When the back-to-back Lawrence Phillips and Aaron Hernandez stories broke this month, my first thought was the standard one many of you probably had: Why do these guys who have everything--money, fame, talent, girls--throw it away? How difficult can it be to not murder, deal drugs, beat women or intentionally run over teenagers, especially when the benefit of abstaining from such behaviors is the chance to lead a lifestyle that 99.99 percent of the world can only fantasize about?

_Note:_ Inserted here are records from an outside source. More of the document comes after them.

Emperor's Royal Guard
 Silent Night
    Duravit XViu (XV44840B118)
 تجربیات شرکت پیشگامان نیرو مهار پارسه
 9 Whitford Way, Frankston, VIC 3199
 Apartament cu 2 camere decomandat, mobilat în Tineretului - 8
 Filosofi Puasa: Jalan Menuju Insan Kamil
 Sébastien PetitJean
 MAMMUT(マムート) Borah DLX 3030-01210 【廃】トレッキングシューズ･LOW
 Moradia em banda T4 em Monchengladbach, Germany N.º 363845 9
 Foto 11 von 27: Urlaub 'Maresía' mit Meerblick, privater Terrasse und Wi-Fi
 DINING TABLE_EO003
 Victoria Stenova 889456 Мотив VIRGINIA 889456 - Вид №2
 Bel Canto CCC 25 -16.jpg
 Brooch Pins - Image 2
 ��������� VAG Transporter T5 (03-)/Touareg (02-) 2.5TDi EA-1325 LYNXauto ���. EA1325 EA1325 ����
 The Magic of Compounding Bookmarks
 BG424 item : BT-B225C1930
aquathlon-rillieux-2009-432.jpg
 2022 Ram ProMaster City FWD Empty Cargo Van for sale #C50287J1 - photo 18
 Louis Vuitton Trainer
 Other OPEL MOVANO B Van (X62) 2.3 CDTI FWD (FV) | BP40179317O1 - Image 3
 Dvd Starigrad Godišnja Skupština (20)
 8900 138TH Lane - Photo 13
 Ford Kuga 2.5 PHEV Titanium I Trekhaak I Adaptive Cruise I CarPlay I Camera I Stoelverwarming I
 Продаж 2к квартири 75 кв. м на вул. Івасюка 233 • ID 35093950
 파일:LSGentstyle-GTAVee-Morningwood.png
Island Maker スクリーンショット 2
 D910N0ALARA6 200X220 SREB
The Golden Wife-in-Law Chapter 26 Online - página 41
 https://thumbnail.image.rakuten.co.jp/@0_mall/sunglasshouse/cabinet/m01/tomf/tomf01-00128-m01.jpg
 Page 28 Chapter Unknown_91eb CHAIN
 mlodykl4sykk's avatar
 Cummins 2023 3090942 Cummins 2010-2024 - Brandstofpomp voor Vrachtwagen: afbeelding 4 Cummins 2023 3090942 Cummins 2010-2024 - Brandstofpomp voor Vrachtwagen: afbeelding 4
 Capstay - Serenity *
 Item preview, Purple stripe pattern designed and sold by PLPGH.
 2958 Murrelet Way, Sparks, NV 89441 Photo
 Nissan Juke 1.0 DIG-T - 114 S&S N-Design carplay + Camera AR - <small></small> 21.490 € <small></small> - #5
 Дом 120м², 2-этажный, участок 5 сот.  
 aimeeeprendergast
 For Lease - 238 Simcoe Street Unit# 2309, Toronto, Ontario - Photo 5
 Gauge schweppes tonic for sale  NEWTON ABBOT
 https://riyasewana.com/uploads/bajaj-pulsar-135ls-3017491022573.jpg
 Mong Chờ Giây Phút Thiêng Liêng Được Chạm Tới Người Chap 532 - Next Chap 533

But then, as a college football fan, I started thinking about the schools where these guys honed their talents. A big part of following a college team is keeping up with our favorite players at the next level. That's why so many Tennessee fans pull for the Broncos on Sundays, and Michigan fans for New England. When guys who played for our college team succeed in the NFL, and especially when they exemplify class and humility in doing so, a sense of pride infuses us that, while different from the feeling we get watching current players triumph, still makes us feel good about wearing that t-shirt out to Applebee's.
But what about those players who don't do the right things, don't make the papers for the right reasons, don't reflect well on the program we expend so much energy backing every autumn? How do those guys fit into our fandom? Do we pretend they never existed or played for our school? Forget about the years we spent cheering for them? Make self-deprecating jokes at our team's expense? (I've heard some great ones from Florida fans already.)
I can still remember picking up the Knoxville newspaper one morning in 2003 and shuddering when I read the bold, 72-point headline. Dwayne Goodrich, former UT defensive back best known for a pick-six in the 1998 BCS title game that put the Vols up 14-0 against Florida State, had been arrested for DUI hit-and-run. The accident killed two Good Samaritans. When I browsed the Tennessee message boards later that day, I found dozens of fans trying to disown the guy as a Vol. I understood their anger, but if Goodrich isn't a Vol, then FSU is the 1998 champ, and I doubt most of those fans want to give up the crystal football.
Besides, I'm convinced every program has at least one major pariah, which means you shouldn't be too ashamed of yours. Some are more obvious than others, like the aforementioned Phillips (Nebraska) and Hernandez (Florida). Then there's Southern Cal, which had a Heisman Trophy winner from 1968 dominate the news during the '90s for some unsavory stuff. (Hint: his initials are also those of a popular breakfast drink.)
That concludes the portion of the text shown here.